Closed mitchellmanware closed 3 weeks ago
@mitchellmanware That may be a desired effect. That suggests the hash is relative to where it is - folder or machine. For something like a targets
pipeline we'll have to think if that is what we want
@mitchellmanware I just noticed that the hash is also the same for different branches. Perhaps this is what you meant initially.
@kyle-messier This is what I was referring to - I was getting the same hash for different parameters, and even different datasets. Working on this now.
> download_hash(dir = "../data/air.sfc", hash = TRUE) ==
+ download_hash(dir = "../data/weasd", hash = TRUE)
[1] TRUE
One option is to hash file names relative to directory_to_save
(hashing full file path names will obviously have differences) and file size in bytes. I found including all hash-able metadata always resulted in different values because items such as user and time of creation will be different, so this version only hashes file name and file size.
#' Create hash of downloaded files.
#' @description
#' Create a combined SHA-1 hash based on the contents and sizes of files
#' in a specified directory.

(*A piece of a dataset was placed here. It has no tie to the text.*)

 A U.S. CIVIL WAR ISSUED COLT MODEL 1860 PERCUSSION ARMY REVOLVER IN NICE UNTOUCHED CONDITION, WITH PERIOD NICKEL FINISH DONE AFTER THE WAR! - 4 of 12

System-specific metadata (e.g. full file paths,
#' access times, or user information) are not tracked, ensuring the hash
#' remains consistent across different systems, users, and access times.
#' @param hash logical(1). Create hash of downloaded files.

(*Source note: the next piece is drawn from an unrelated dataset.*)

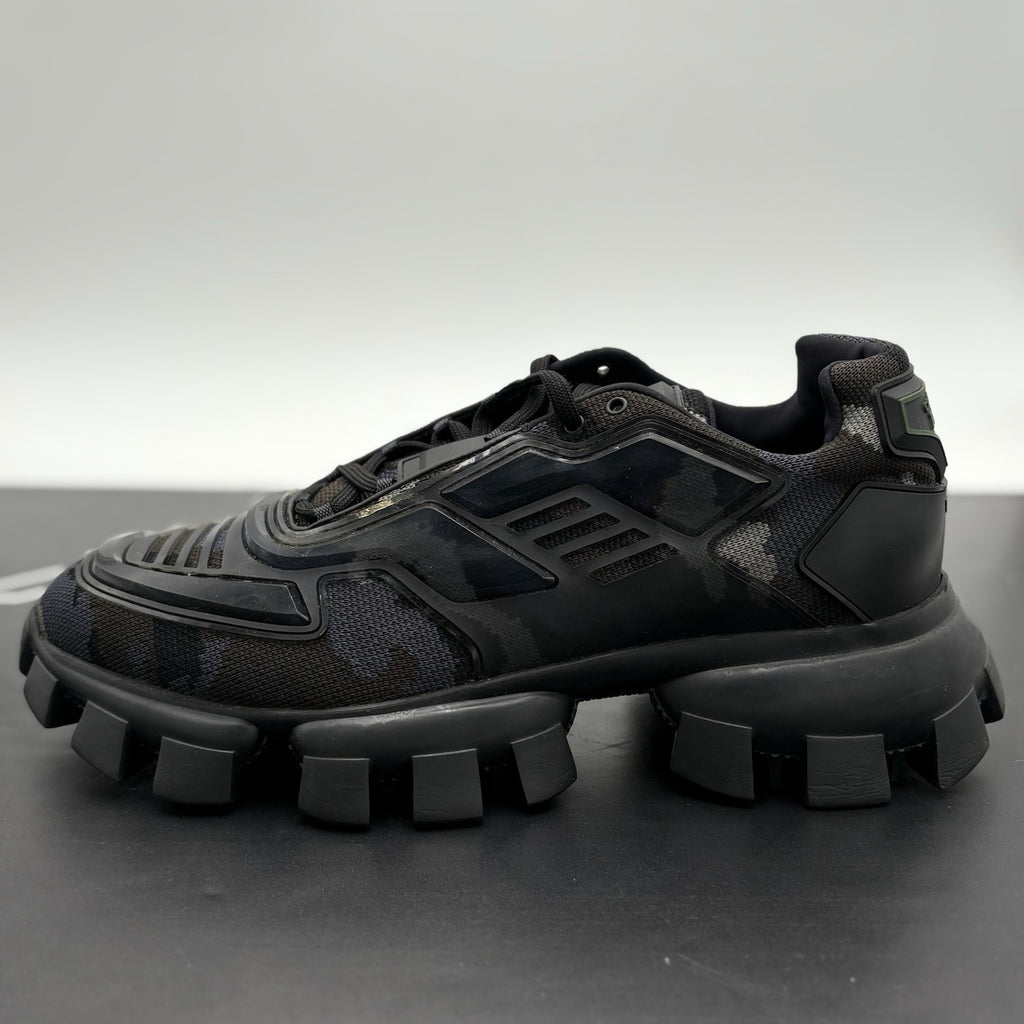 Size 11 UK (12 US) Prada Cloudbust Thunder ' Camo - Smokey Grey ' | SUPER CLEAN!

#' @param dir character(1). Directory path.
#' @return character(1) Combined SHA-1 hash of the files' contents and sizes.

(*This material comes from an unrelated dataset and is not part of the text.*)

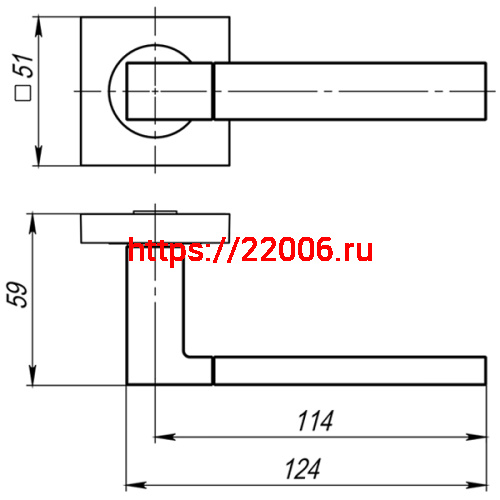 Ручка Ajax (Аякс) раздельная K.JK51.FUSION (FUSION JK) BL-24 черный фото 2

#' @keywords internal auxiliary
#' @importFrom rlang hash_file
#' @export
download_hash <- function(
hash = TRUE,
dir = NULL
) {
if (hash) {
h_command <- paste0(
"(find ",
shQuote(dir),
" -type f -print0 | sort -z | ",
"xargs -0 sha1sum -- | awk '{print $1}'; ",
"find ",
shQuote(dir),
" -type f -print0 | sort -z | ",
"xargs -0 stat -c '%s') | sha1sum"
)
h <- system(h_command, intern = TRUE)
h_clean <- sub(" -$", "", h)
return(h_clean)
}
}
Example behavior: returns same hash value for identical data inputs downloaded in different directories, but a different hash for a different variable.
> amadeus::download_data(
+ directory_to_save = "../data/first",
+ acknowledge = TRUE,
+ download = TRUE,
+ hash = TRUE,
+ dataset_name = "narr",
+ variables = "soilm",
+ year = c(2020, 2022)
+ )
Downloading requested files...
Requested files have been downloaded.
[1] "10b752a21ad7f6e885ce2247eaf602b5232dff48"
> amadeus::download_data(
+ directory_to_save = "../data/second",
+ acknowledge = TRUE,
+ download = TRUE,
+ hash = TRUE,
+ dataset_name = "narr",
+ variables = "soilm",
+ year = c(2020, 2022)
+ )
Downloading requested files...
Requested files have been downloaded.
[1] "10b752a21ad7f6e885ce2247eaf602b5232dff48"
> amadeus::download_data(
+ directory_to_save = "../data/third",
+ acknowledge = TRUE,
+ download = TRUE,
+ hash = TRUE,
+ dataset_name = "narr",
+ variables = "weasd",
+ year = c(2020, 2022)
+ )
Downloading requested files...
Requested files have been downloaded.
[1] "30b8235c4fd0110c8f4621e359f9ce84bfae288e"
hash = TRUE
returning same hash for different folders. Investigate why and fix.